### The task
The records that follow need to be printed exactly. Leave out each image.

### The data
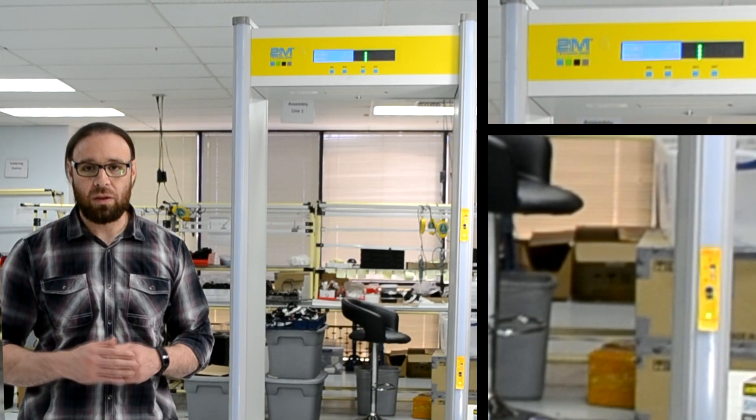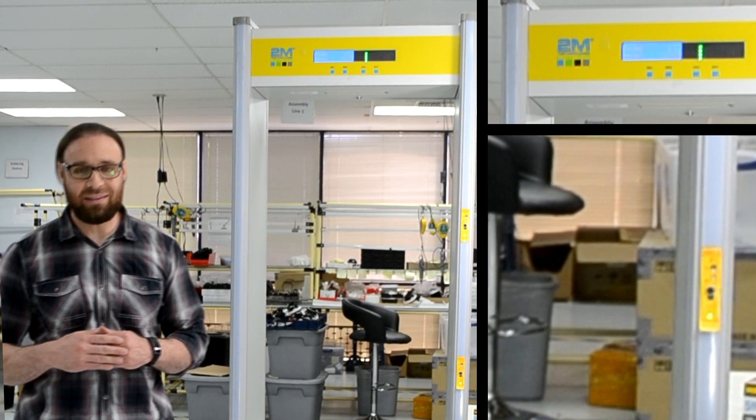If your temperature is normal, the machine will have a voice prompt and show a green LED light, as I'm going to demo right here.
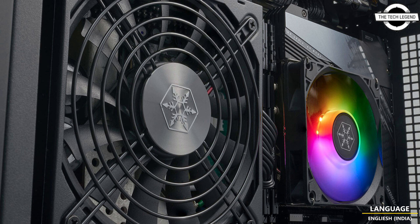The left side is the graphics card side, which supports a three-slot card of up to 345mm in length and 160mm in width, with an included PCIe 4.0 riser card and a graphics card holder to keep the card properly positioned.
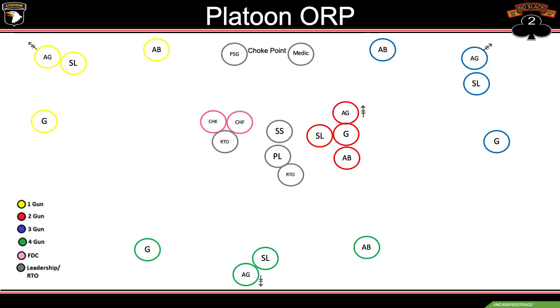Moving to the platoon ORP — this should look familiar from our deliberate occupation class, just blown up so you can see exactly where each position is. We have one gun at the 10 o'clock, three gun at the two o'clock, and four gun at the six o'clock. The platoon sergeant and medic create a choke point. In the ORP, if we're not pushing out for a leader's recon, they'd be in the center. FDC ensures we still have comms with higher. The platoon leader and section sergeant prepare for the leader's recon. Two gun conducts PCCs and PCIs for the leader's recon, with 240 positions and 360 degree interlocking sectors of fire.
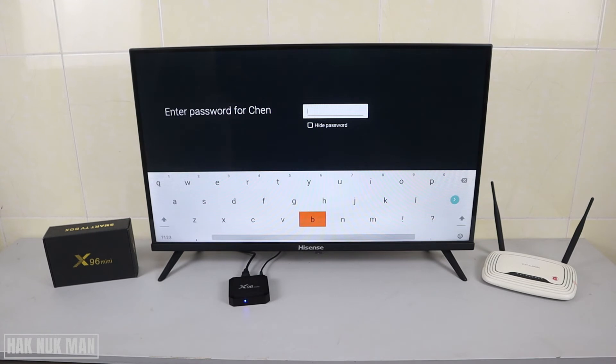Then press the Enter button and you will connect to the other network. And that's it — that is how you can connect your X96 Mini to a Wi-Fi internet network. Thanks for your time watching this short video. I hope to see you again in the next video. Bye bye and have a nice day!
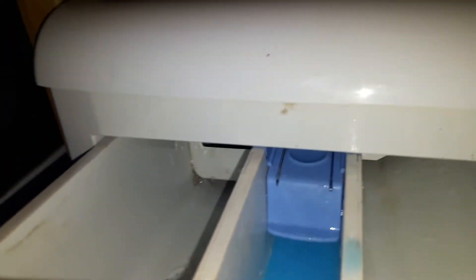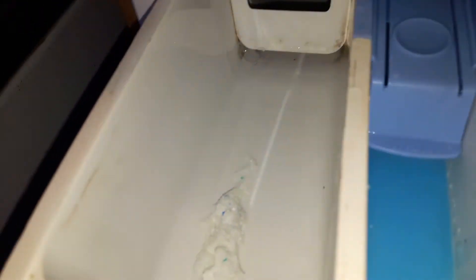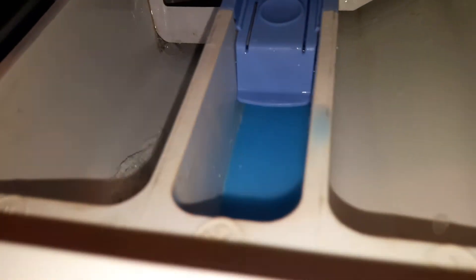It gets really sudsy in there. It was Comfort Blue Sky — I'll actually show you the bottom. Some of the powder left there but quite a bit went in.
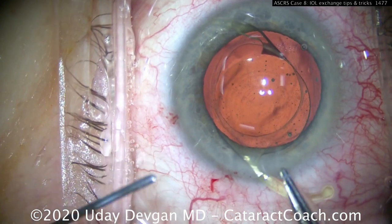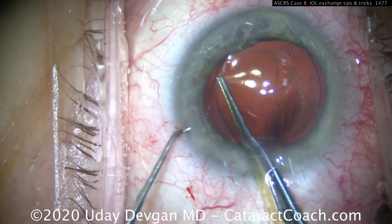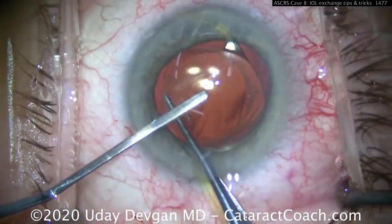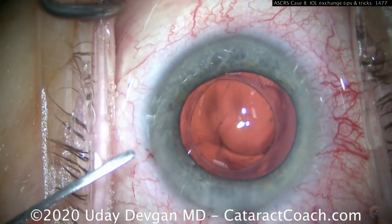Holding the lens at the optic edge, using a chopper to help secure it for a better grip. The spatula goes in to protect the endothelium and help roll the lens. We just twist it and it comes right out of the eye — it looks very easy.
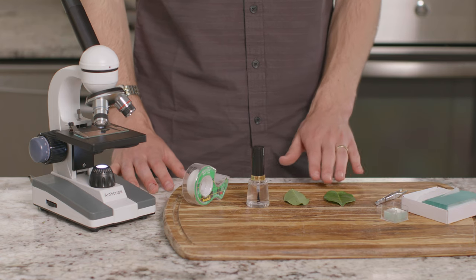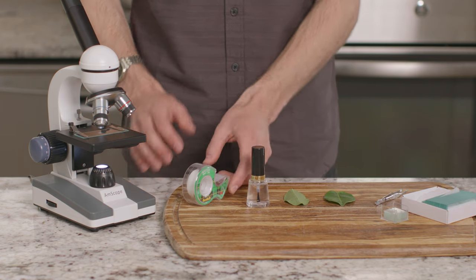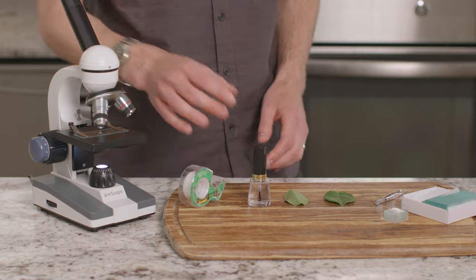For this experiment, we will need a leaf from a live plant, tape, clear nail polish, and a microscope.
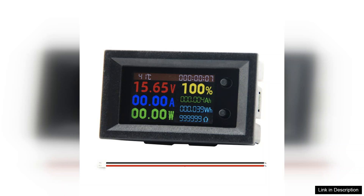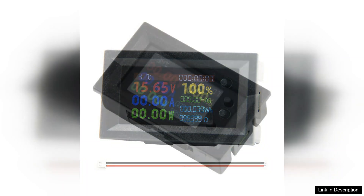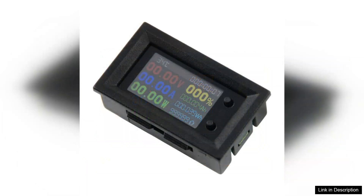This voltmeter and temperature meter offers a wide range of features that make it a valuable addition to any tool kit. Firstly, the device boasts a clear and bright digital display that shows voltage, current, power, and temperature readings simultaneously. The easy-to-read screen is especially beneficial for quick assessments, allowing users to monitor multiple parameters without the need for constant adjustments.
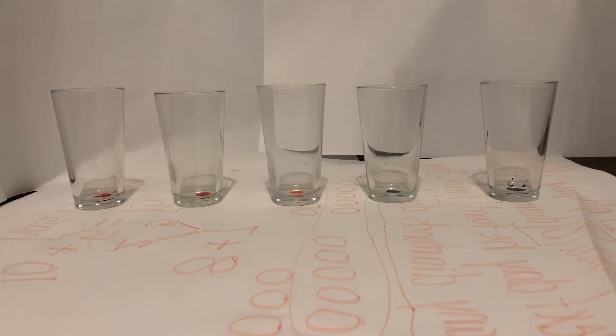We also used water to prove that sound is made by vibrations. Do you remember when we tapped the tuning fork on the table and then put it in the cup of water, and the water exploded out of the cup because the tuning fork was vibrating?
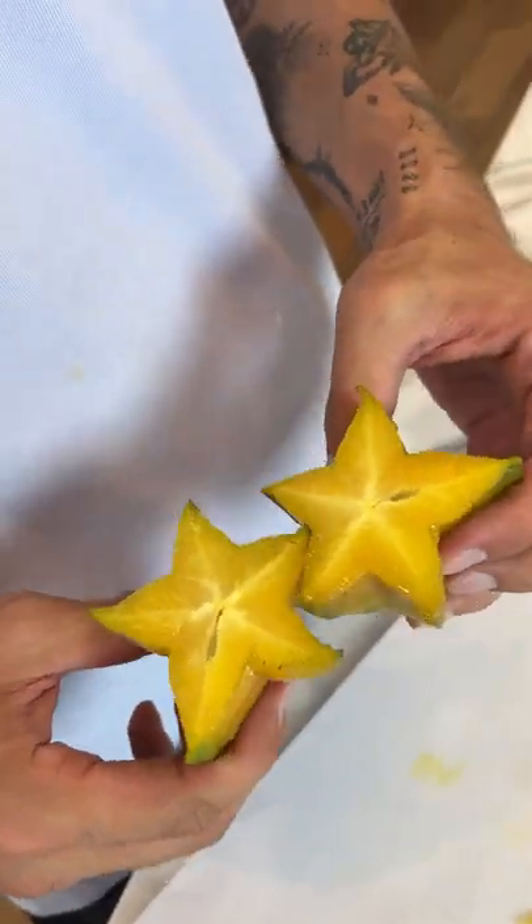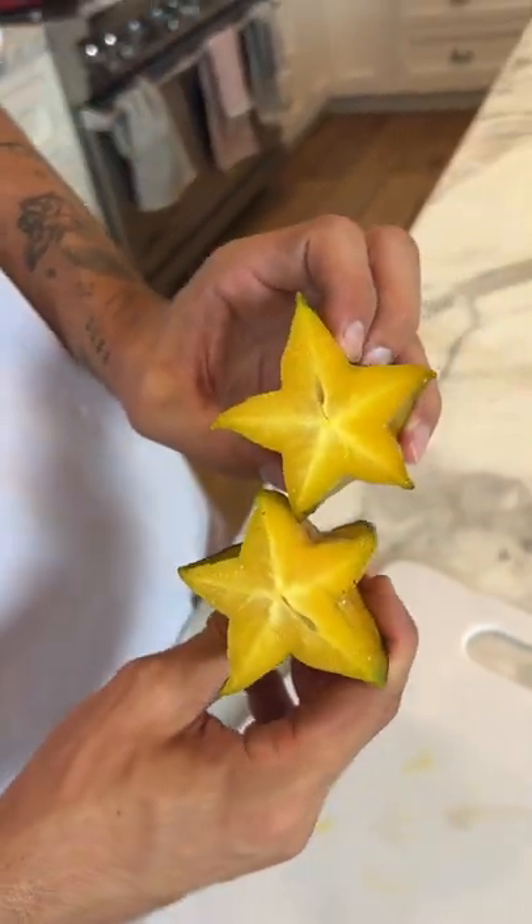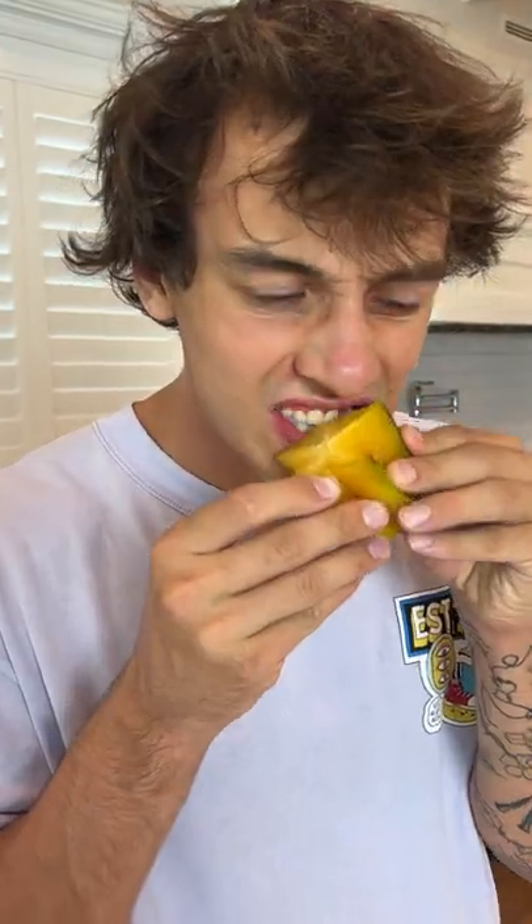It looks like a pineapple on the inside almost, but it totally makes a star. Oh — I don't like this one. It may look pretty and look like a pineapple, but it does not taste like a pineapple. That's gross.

### Result of the task
If your temperature is normal, the machine will have a voice prompt and show a green LED light, as I'm going to demo right here.
The left side is the graphics card side, which supports a three-slot card of up to 345mm in length and 160mm in width, with an included PCIe 4.0 riser card and a graphics card holder to keep the card properly positioned.
Moving to the platoon ORP — this should look familiar from our deliberate occupation class, just blown up so you can see exactly where each position is. We have one gun at the 10 o'clock, three gun at the two o'clock, and four gun at the six o'clock. The platoon sergeant and medic create a choke point. In the ORP, if we're not pushing out for a leader's recon, they'd be in the center. FDC ensures we still have comms with higher. The platoon leader and section sergeant prepare for the leader's recon. Two gun conducts PCCs and PCIs for the leader's recon, with 240 positions and 360 degree interlocking sectors of fire.
Then press the Enter button and you will connect to the other network. And that's it — that is how you can connect your X96 Mini to a Wi-Fi internet network. Thanks for your time watching this short video. I hope to see you again in the next video. Bye bye and have a nice day!
It gets really sudsy in there. It was Comfort Blue Sky — I'll actually show you the bottom. Some of the powder left there but quite a bit went in.
Holding the lens at the optic edge, using a chopper to help secure it for a better grip. The spatula goes in to protect the endothelium and help roll the lens. We just twist it and it comes right out of the eye — it looks very easy.
For this experiment, we will need a leaf from a live plant, tape, clear nail polish, and a microscope.
This voltmeter and temperature meter offers a wide range of features that make it a valuable addition to any tool kit. Firstly, the device boasts a clear and bright digital display that shows voltage, current, power, and temperature readings simultaneously. The easy-to-read screen is especially beneficial for quick assessments, allowing users to monitor multiple parameters without the need for constant adjustments.
We also used water to prove that sound is made by vibrations. Do you remember when we tapped the tuning fork on the table and then put it in the cup of water, and the water exploded out of the cup because the tuning fork was vibrating?
It looks like a pineapple on the inside almost, but it totally makes a star. Oh — I don't like this one. It may look pretty and look like a pineapple, but it does not taste like a pineapple. That's gross.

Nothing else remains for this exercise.